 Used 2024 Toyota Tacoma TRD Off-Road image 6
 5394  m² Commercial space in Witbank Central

* * *

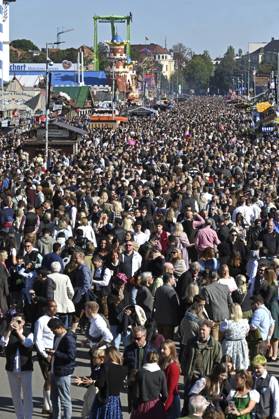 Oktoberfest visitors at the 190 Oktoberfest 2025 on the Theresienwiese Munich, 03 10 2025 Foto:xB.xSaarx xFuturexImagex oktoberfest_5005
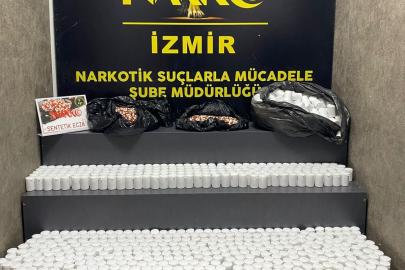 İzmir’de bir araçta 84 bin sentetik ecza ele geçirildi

--

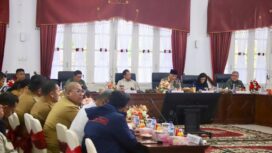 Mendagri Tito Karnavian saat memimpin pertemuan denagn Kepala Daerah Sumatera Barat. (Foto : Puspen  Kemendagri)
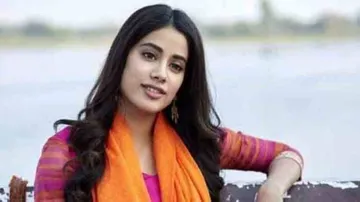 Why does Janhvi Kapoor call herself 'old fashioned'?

• [TASK BRIEF]: Starting with the line above that holds "Oktoberfest visitors at", restate each line word for word up to and including the line that holds "İzmir’de bir araçta". Drop the pictures.

• [EXERCISE OUTPUT]:
 Oktoberfest visitors at the 190 Oktoberfest 2025 on the Theresienwiese Munich, 03 10 2025 Foto:xB.xSaarx xFuturexImagex oktoberfest_5005
 İzmir’de bir araçta 84 bin sentetik ecza ele geçirildi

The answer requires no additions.